#### What the task requires
Nothing may be dropped or altered: reproduce all the data.

#### Data excerpts

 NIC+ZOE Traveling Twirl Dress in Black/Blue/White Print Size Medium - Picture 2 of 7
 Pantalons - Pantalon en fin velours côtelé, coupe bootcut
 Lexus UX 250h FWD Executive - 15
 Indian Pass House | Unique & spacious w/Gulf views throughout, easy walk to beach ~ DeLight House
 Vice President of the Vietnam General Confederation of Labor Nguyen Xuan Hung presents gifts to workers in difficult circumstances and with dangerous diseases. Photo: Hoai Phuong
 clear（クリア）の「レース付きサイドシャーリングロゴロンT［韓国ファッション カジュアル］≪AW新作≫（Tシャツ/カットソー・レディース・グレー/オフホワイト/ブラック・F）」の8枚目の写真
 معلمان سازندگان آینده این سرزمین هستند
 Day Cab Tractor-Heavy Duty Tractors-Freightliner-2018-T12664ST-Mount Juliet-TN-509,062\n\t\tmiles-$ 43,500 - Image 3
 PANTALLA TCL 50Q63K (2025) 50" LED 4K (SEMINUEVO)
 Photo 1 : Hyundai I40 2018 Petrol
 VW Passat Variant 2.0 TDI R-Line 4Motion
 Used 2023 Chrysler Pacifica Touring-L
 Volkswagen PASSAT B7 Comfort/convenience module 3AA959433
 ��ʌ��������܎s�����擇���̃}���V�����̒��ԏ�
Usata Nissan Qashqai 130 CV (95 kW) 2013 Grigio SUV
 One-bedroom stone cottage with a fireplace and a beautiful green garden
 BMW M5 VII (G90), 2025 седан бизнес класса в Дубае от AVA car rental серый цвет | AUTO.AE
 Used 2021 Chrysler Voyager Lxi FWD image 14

#### Answer to the problem
 NIC+ZOE Traveling Twirl Dress in Black/Blue/White Print Size Medium - Picture 2 of 7
 Pantalons - Pantalon en fin velours côtelé, coupe bootcut
 Lexus UX 250h FWD Executive - 15
 Indian Pass House | Unique & spacious w/Gulf views throughout, easy walk to beach ~ DeLight House
 Vice President of the Vietnam General Confederation of Labor Nguyen Xuan Hung presents gifts to workers in difficult circumstances and with dangerous diseases. Photo: Hoai Phuong
 clear（クリア）の「レース付きサイドシャーリングロゴロンT［韓国ファッション カジュアル］≪AW新作≫（Tシャツ/カットソー・レディース・グレー/オフホワイト/ブラック・F）」の8枚目の写真
 معلمان سازندگان آینده این سرزمین هستند
 Day Cab Tractor-Heavy Duty Tractors-Freightliner-2018-T12664ST-Mount Juliet-TN-509,062\n\t\tmiles-$ 43,500 - Image 3
 PANTALLA TCL 50Q63K (2025) 50" LED 4K (SEMINUEVO)
 Photo 1 : Hyundai I40 2018 Petrol
 VW Passat Variant 2.0 TDI R-Line 4Motion
 Used 2023 Chrysler Pacifica Touring-L
 Volkswagen PASSAT B7 Comfort/convenience module 3AA959433
 ��ʌ��������܎s�����擇���̃}���V�����̒��ԏ�
Usata Nissan Qashqai 130 CV (95 kW) 2013 Grigio SUV
 One-bedroom stone cottage with a fireplace and a beautiful green garden
 BMW M5 VII (G90), 2025 седан бизнес класса в Дубае от AVA car rental серый цвет | AUTO.AE
 Used 2021 Chrysler Voyager Lxi FWD image 14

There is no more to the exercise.